[Data items]

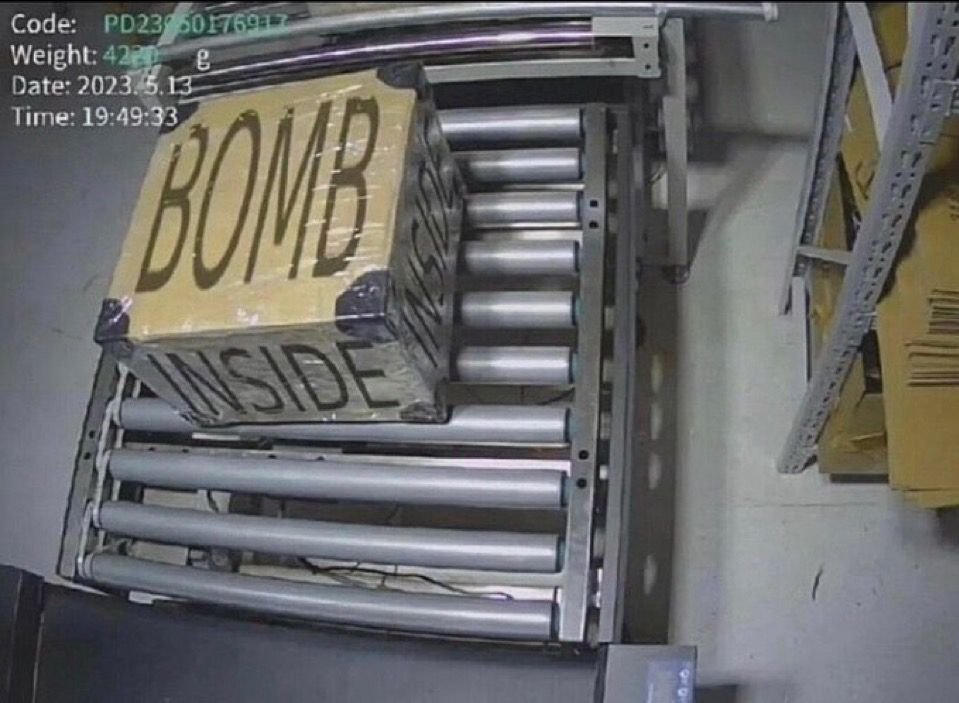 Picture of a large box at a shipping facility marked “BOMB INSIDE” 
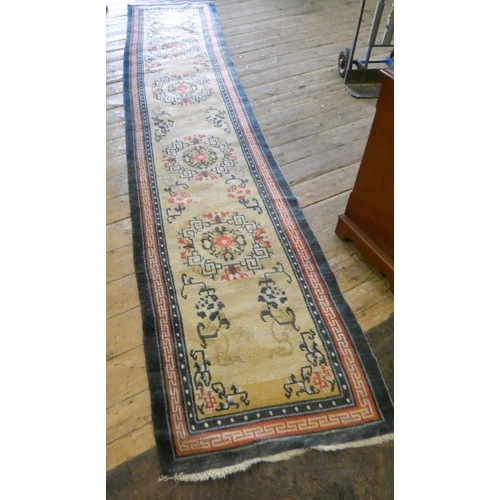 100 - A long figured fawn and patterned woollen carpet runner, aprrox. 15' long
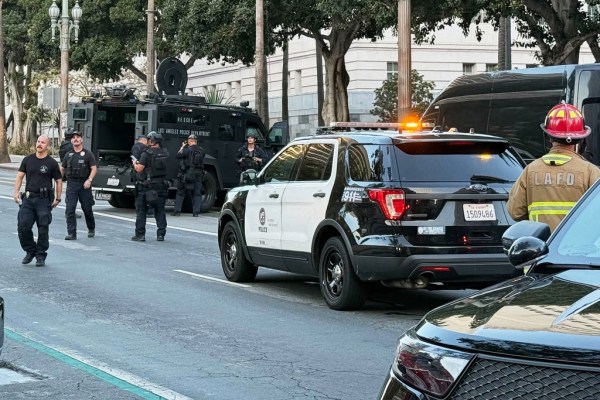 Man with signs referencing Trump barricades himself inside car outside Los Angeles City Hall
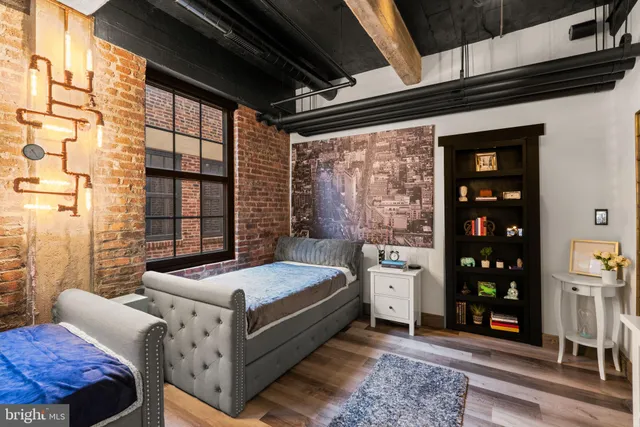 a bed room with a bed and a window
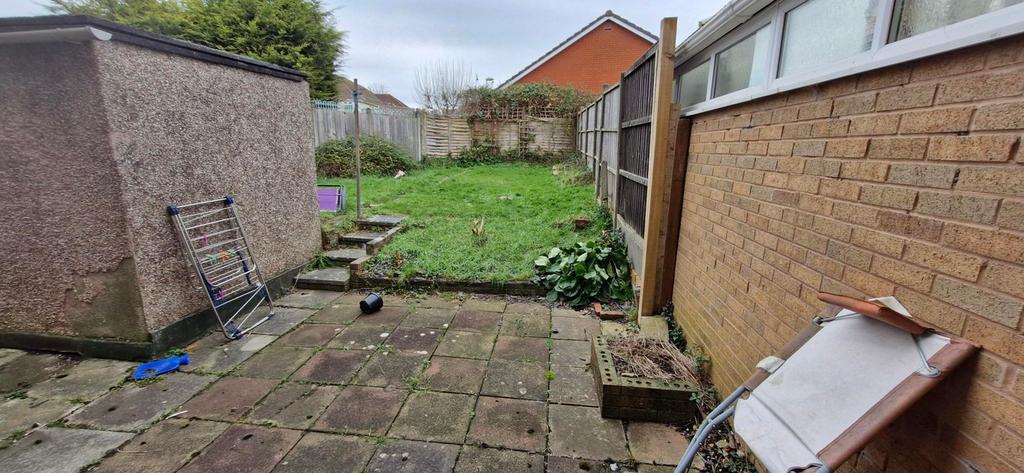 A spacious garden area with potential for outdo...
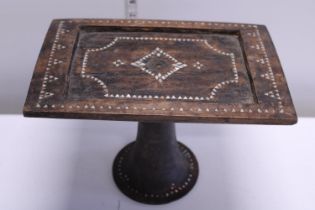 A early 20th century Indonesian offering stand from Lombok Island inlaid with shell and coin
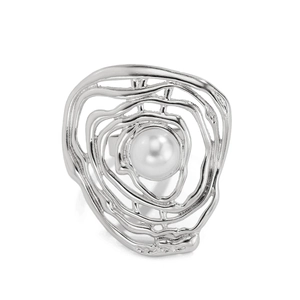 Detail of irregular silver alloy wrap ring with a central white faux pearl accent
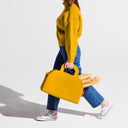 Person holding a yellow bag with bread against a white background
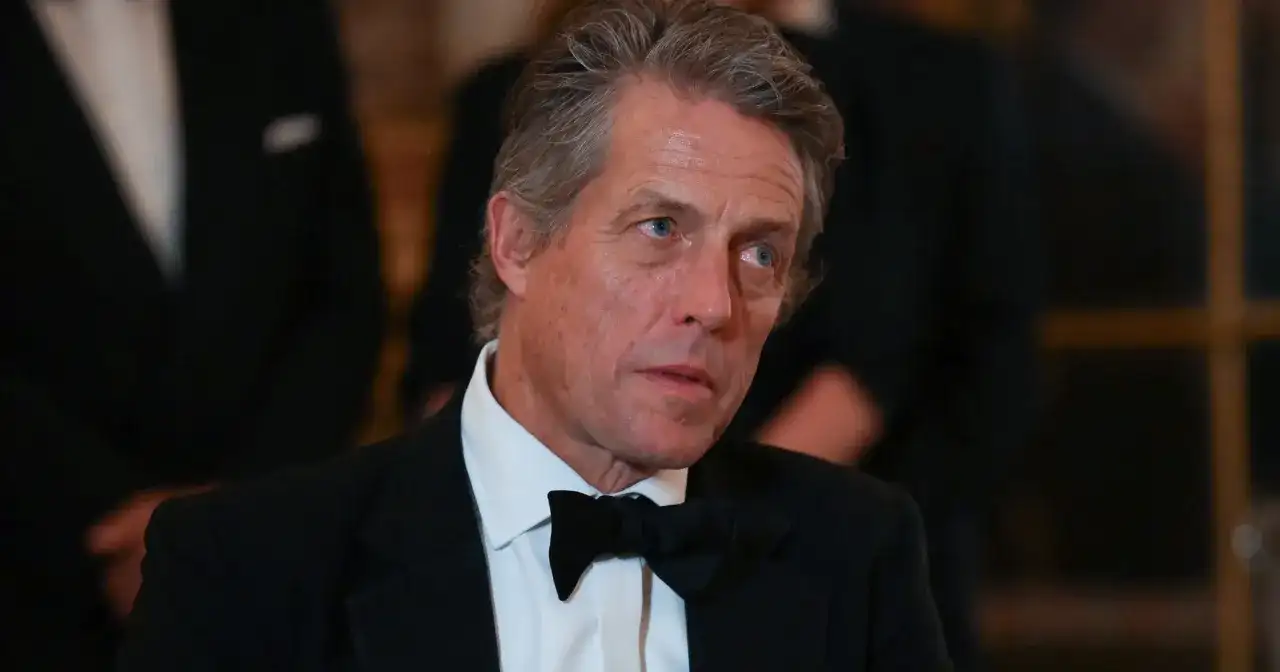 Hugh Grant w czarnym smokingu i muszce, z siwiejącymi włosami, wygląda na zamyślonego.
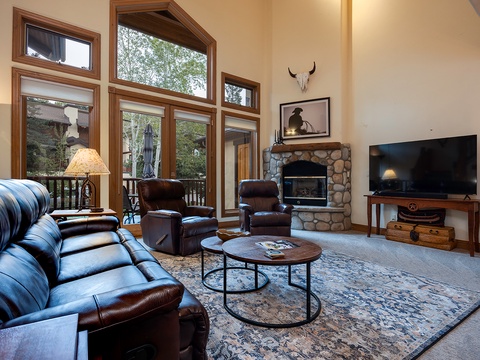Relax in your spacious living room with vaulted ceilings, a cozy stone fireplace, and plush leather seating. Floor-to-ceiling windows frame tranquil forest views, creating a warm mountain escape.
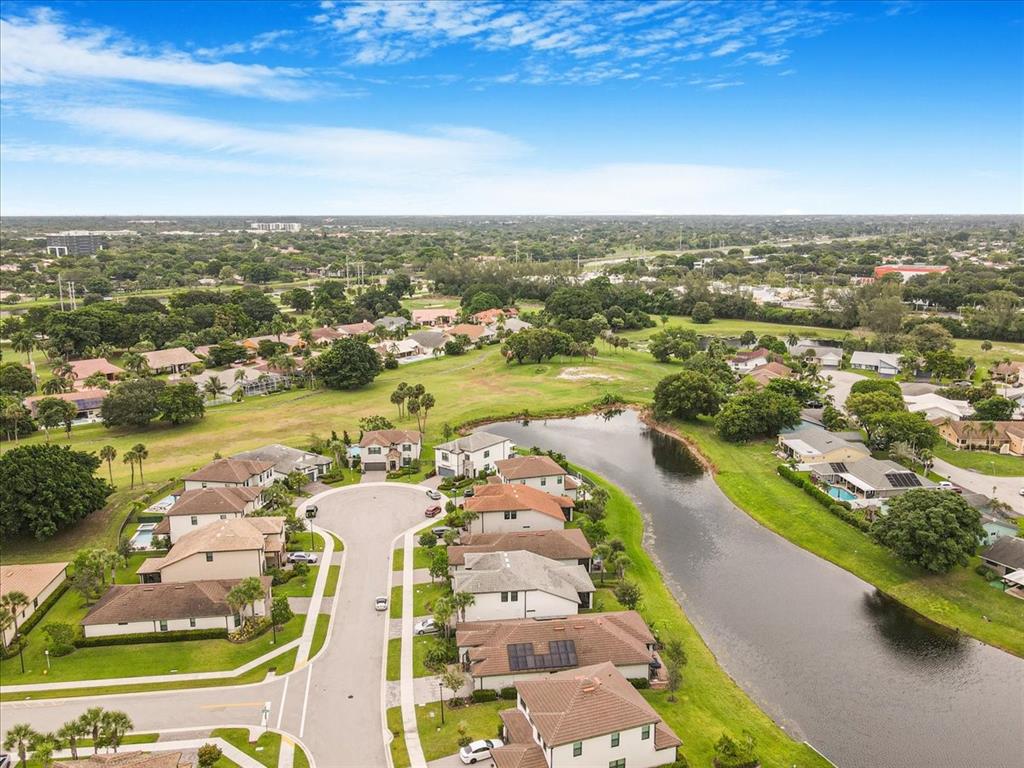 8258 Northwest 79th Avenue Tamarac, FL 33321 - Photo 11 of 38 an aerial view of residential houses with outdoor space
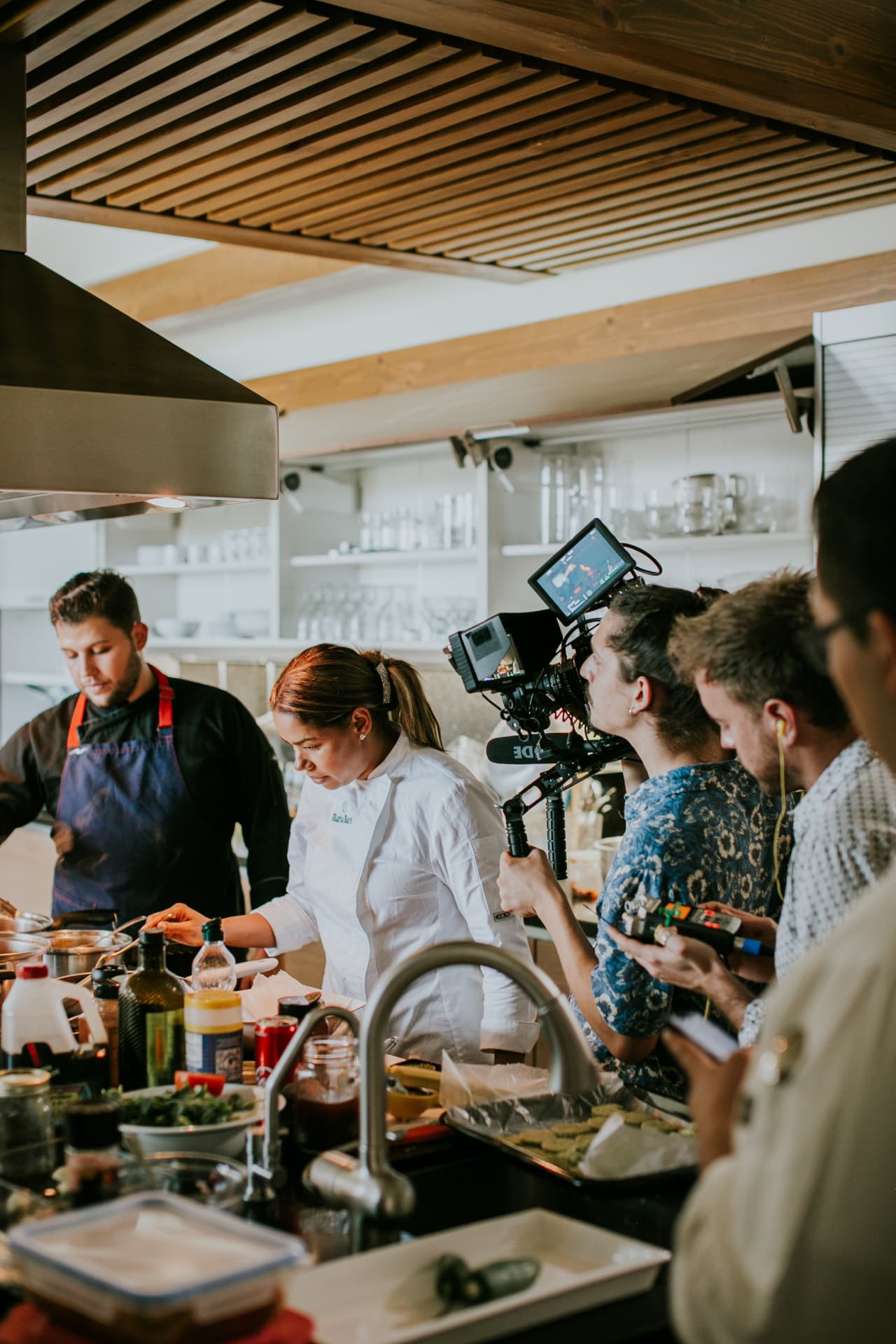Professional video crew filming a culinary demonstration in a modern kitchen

§ **WHAT IS BEING ASKED**:
Only the lines from the beginning of the records up to and including the line with "A spacious garden" should appear, exactly as they are, and no pictures.

§ **ANSWER SPACE**:
 Picture of a large box at a shipping facility marked “BOMB INSIDE” 
 100 - A long figured fawn and patterned woollen carpet runner, aprrox. 15' long
 Man with signs referencing Trump barricades himself inside car outside Los Angeles City Hall
 a bed room with a bed and a window
 A spacious garden area with potential for outdo...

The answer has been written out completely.